Short web captions
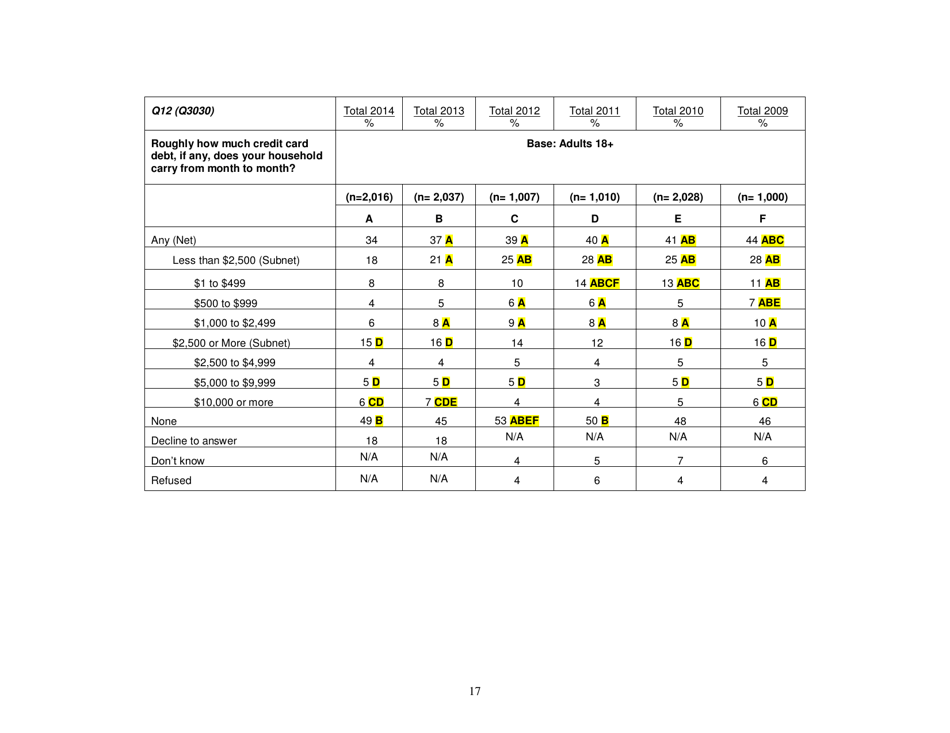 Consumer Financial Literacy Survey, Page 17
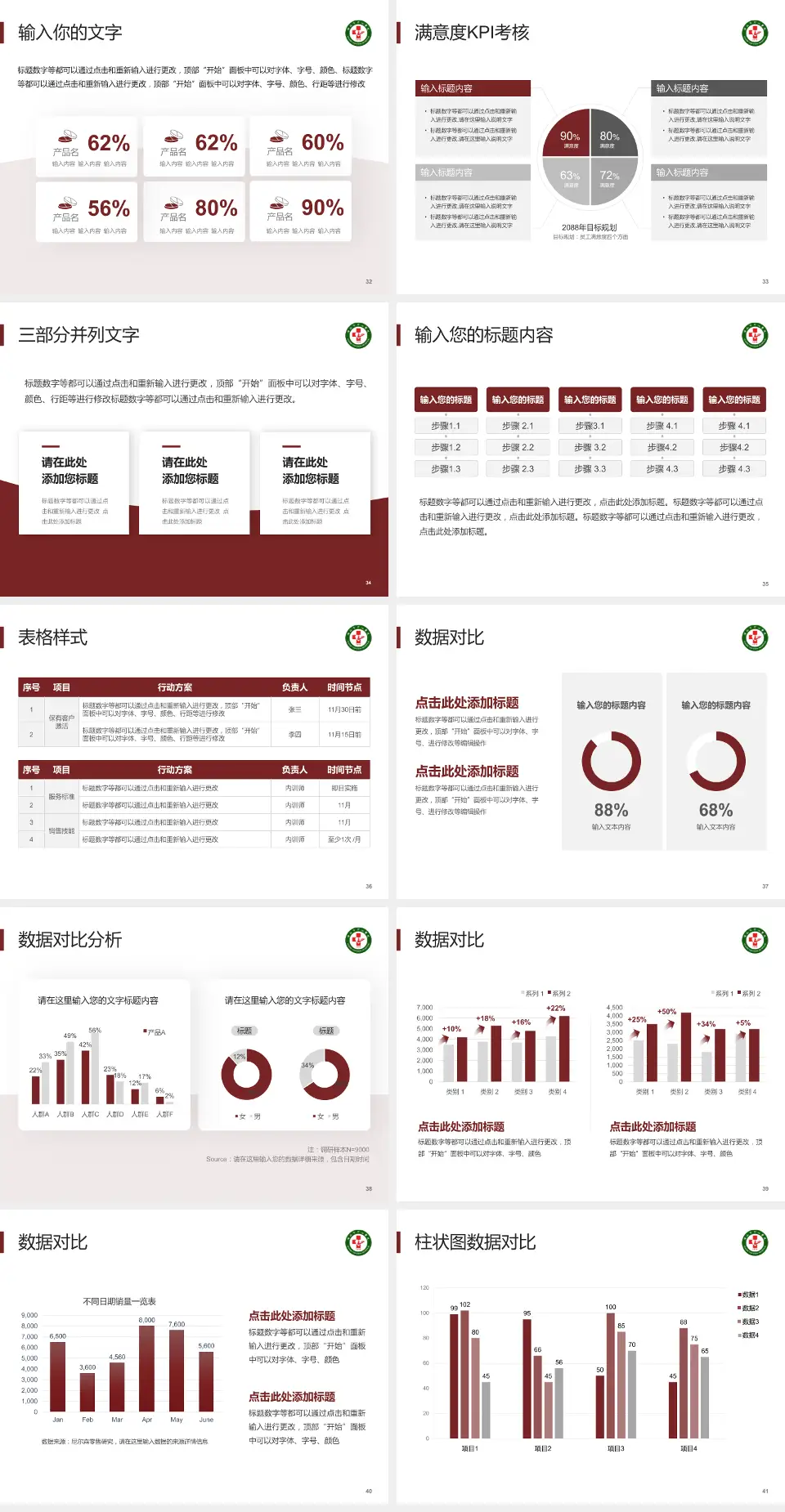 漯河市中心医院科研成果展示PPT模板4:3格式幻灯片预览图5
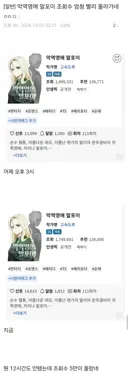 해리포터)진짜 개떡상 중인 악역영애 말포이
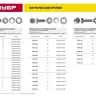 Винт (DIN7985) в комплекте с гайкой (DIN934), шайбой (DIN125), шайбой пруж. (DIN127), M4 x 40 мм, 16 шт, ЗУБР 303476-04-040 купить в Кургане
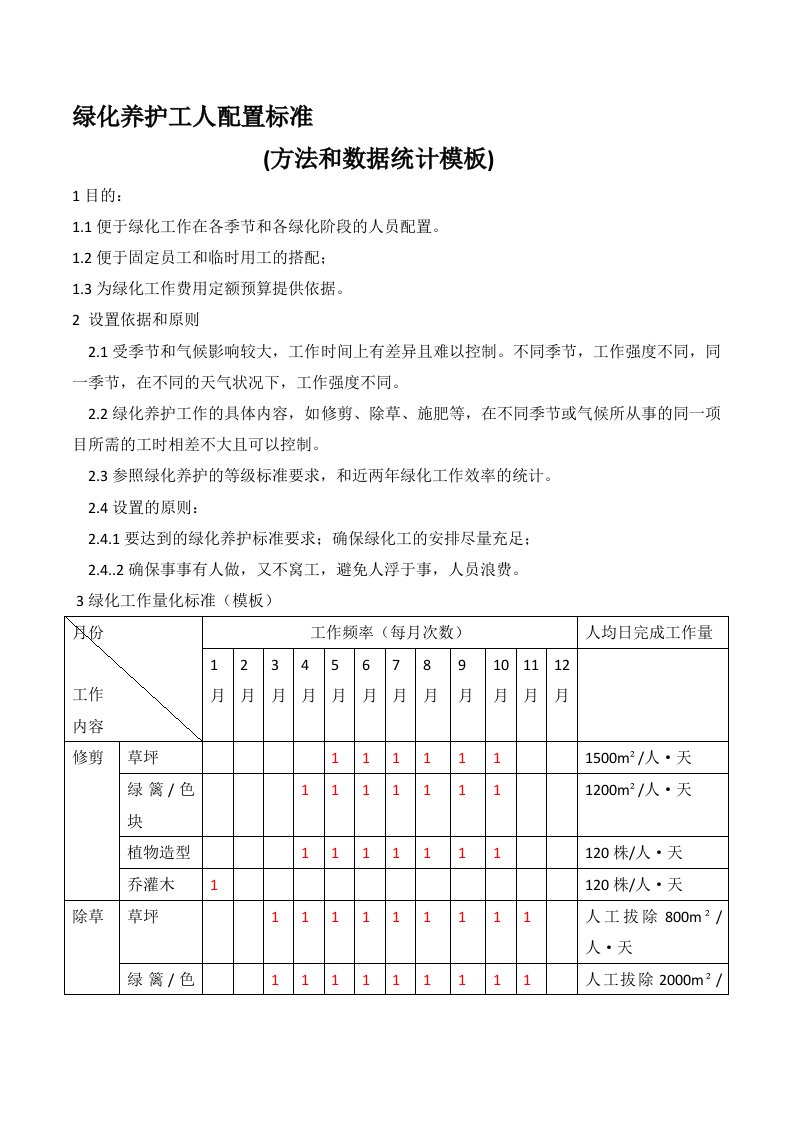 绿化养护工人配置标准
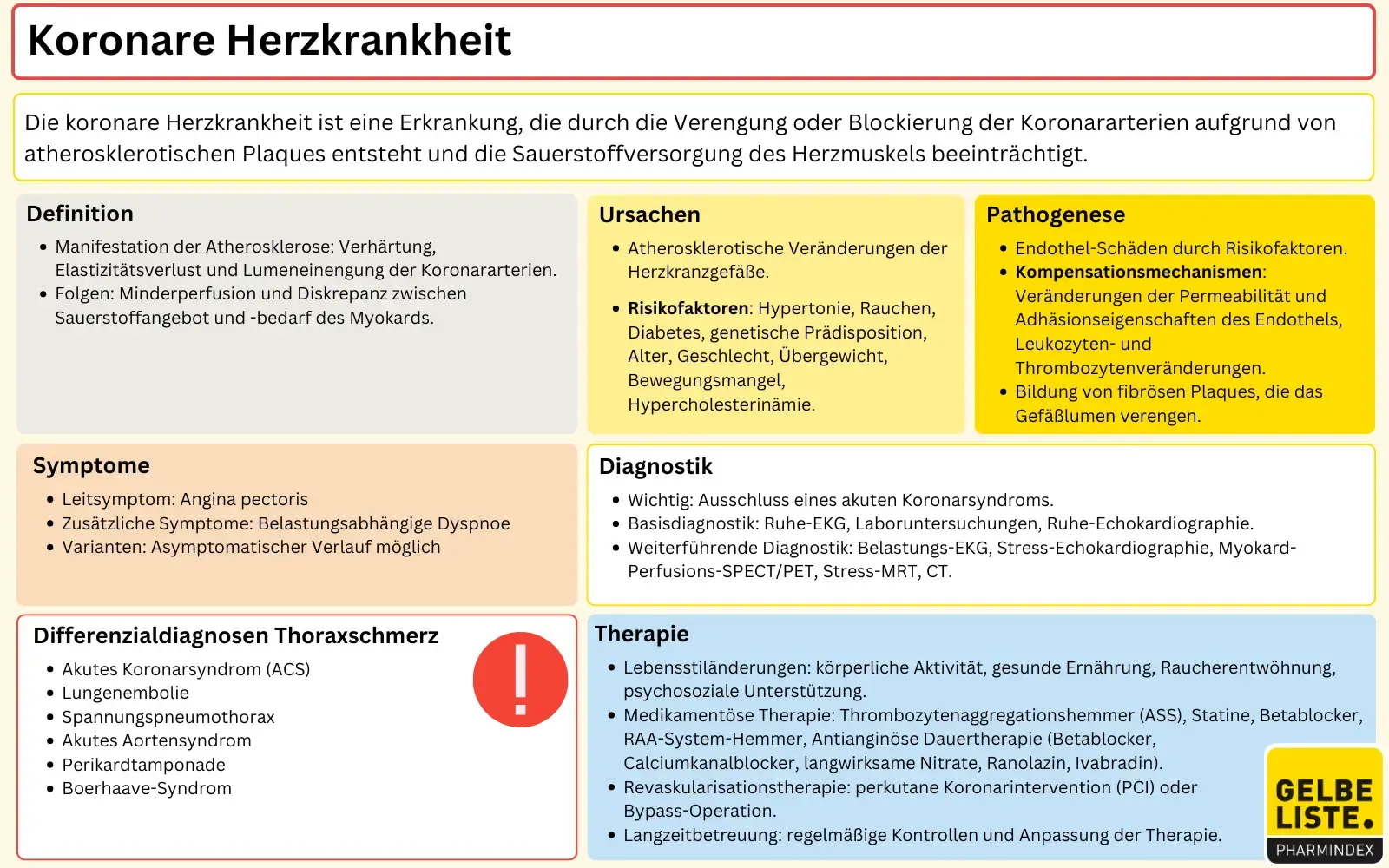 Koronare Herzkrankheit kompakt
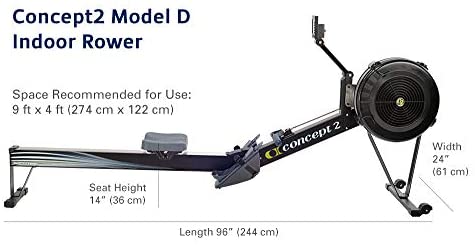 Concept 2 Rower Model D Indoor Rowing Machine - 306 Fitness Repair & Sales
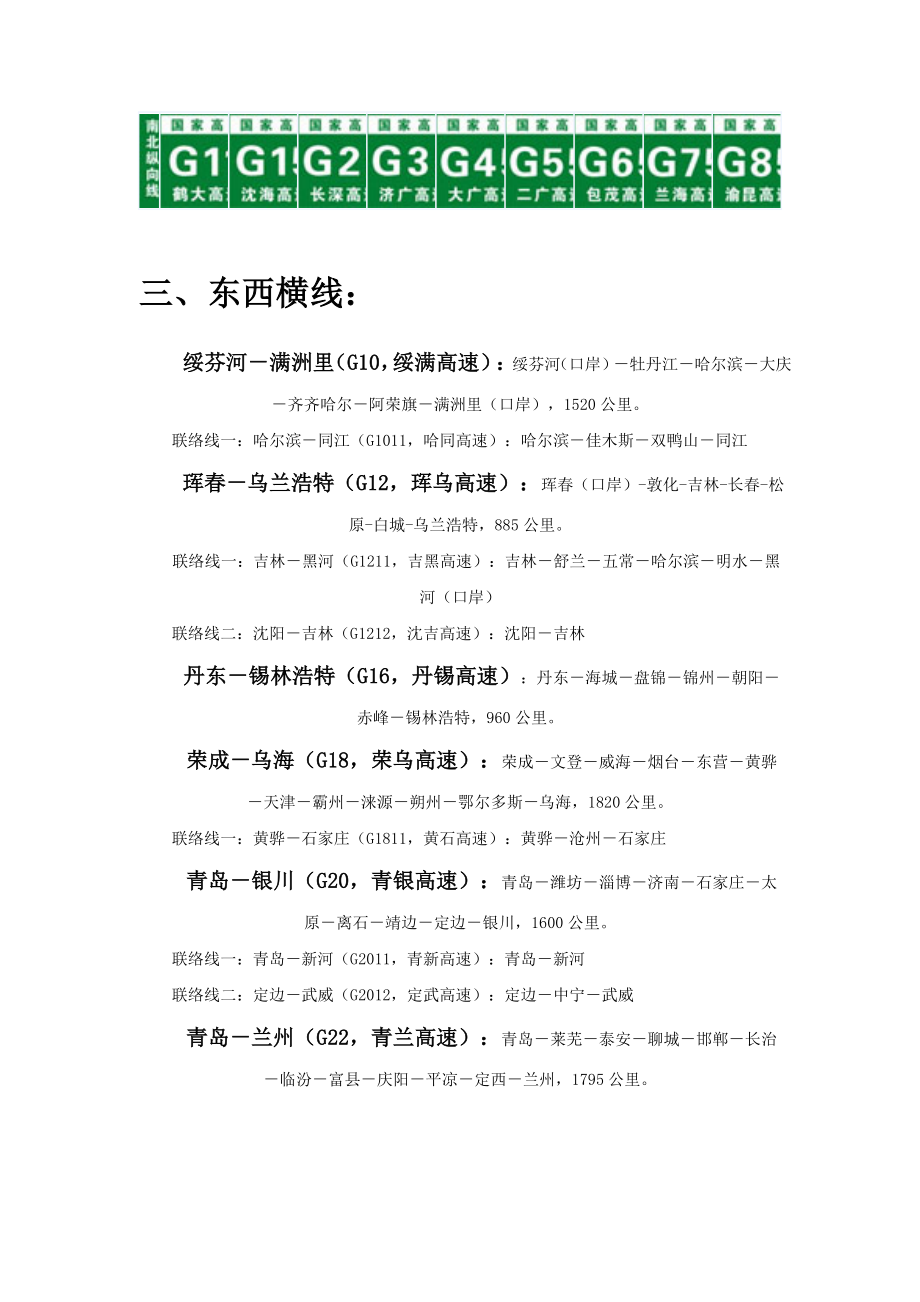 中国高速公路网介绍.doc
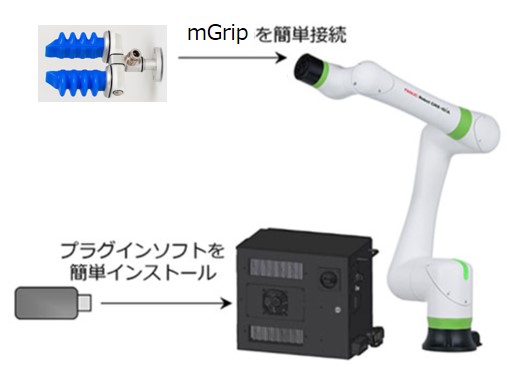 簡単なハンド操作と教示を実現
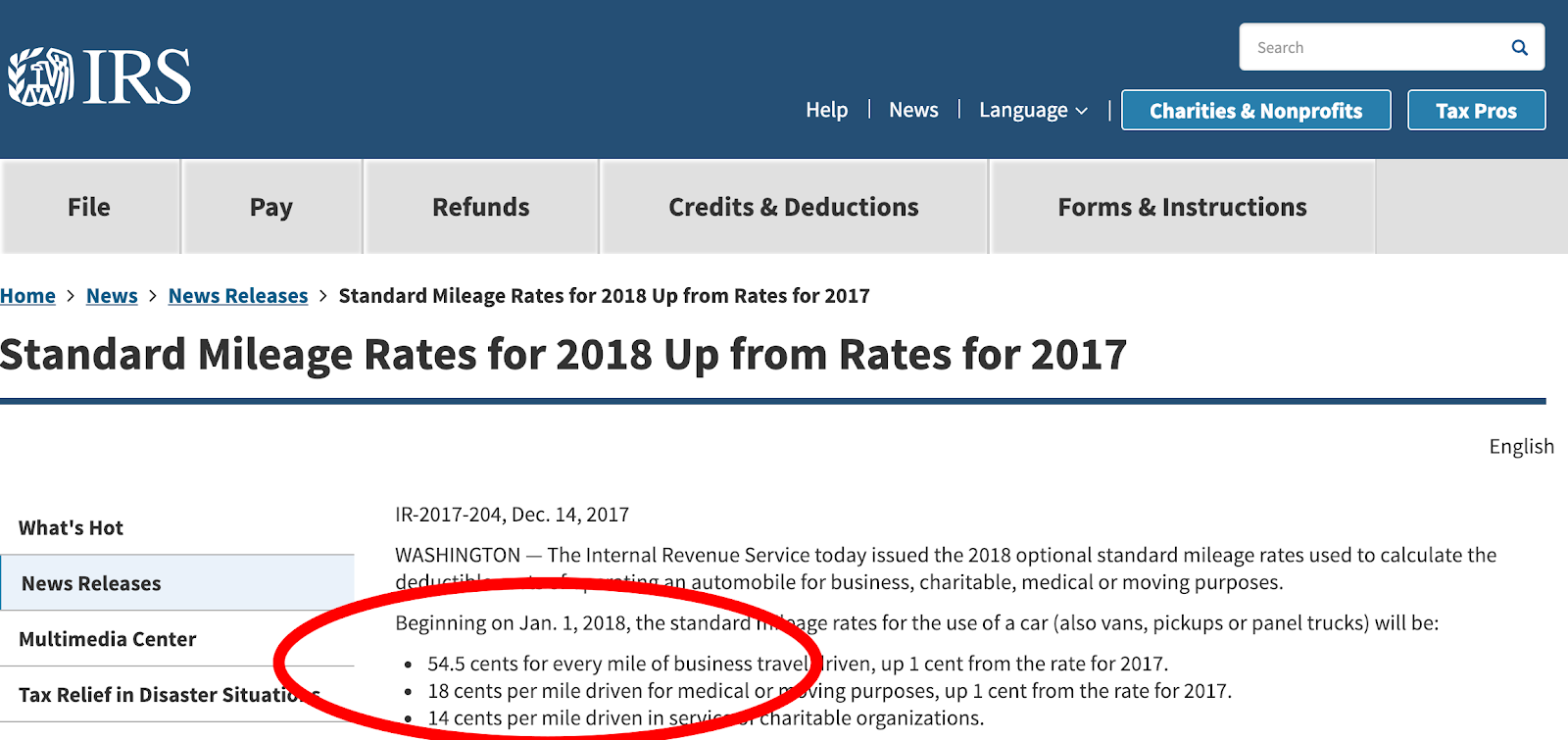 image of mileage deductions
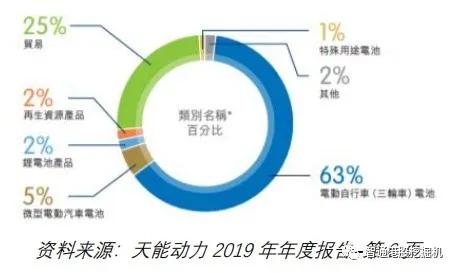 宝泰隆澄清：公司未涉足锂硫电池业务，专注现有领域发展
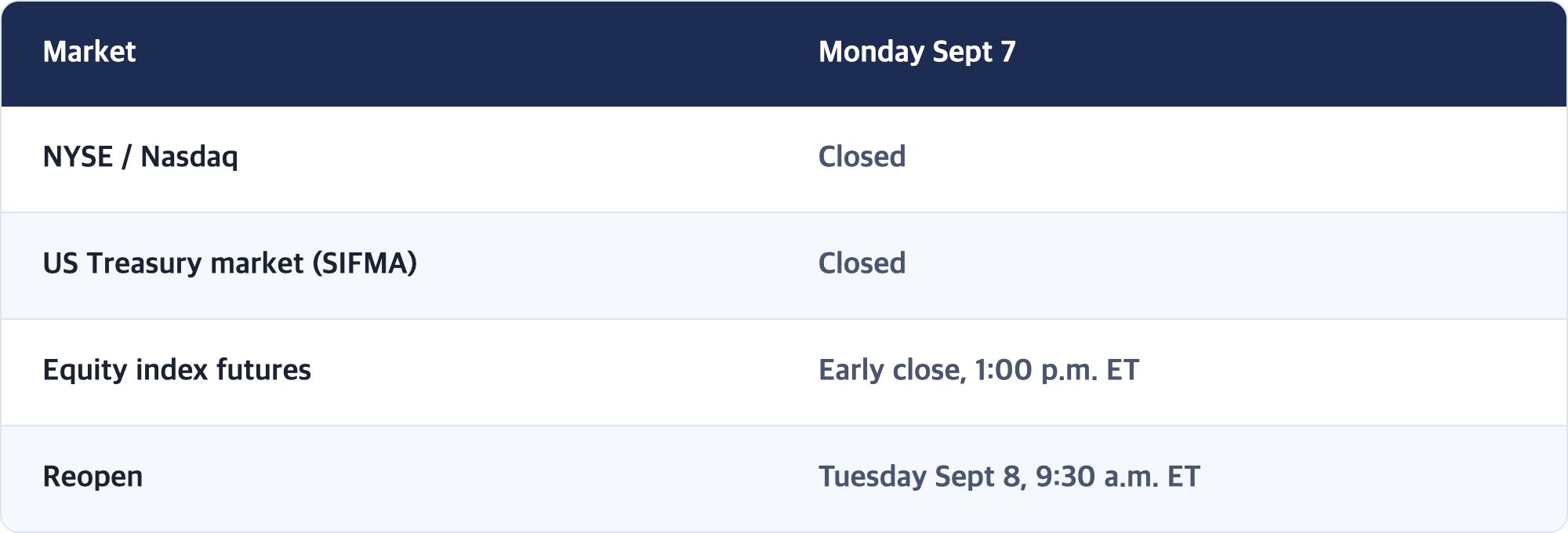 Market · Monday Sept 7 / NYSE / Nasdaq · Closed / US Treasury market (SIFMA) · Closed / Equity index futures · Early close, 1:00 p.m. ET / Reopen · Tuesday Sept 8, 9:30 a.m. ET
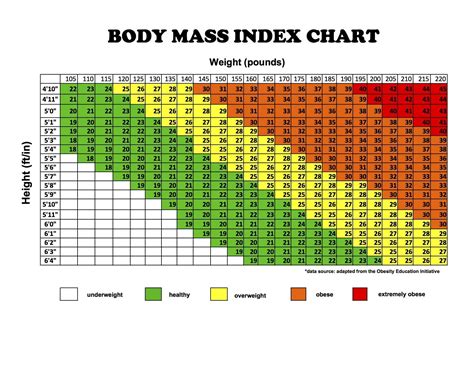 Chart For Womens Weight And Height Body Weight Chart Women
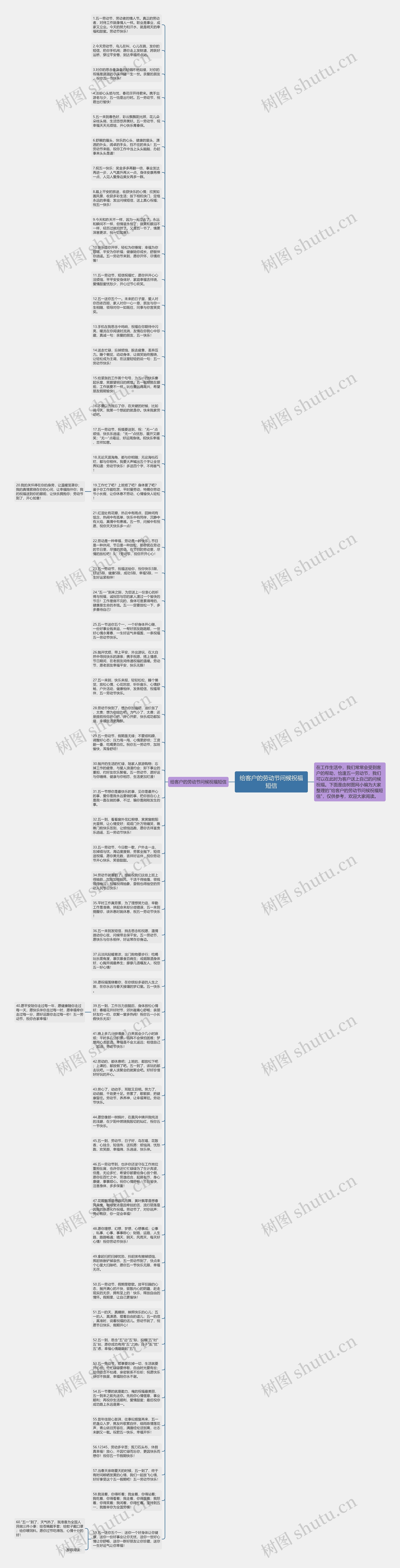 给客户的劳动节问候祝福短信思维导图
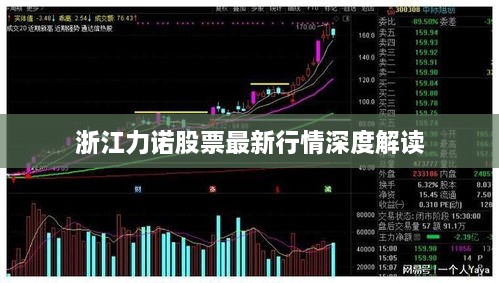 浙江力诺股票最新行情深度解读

PROBLEM: Retype exactly the lines above, starting at the line containing "Concept 2 Rower" and ending with the last line, both included; leave out the pictures.

TASK ANSWER:
 Concept 2 Rower Model D Indoor Rowing Machine - 306 Fitness Repair & Sales
 中国高速公路网介绍.doc
 簡単なハンド操作と教示を実現
 image of mileage deductions
 宝泰隆澄清：公司未涉足锂硫电池业务，专注现有领域发展
 Market · Monday Sept 7 / NYSE / Nasdaq · Closed / US Treasury market (SIFMA) · Closed / Equity index futures · Early close, 1:00 p.m. ET / Reopen · Tuesday Sept 8, 9:30 a.m. ET
 Chart For Womens Weight And Height Body Weight Chart Women
 给客户的劳动节问候祝福短信思维导图
 浙江力诺股票最新行情深度解读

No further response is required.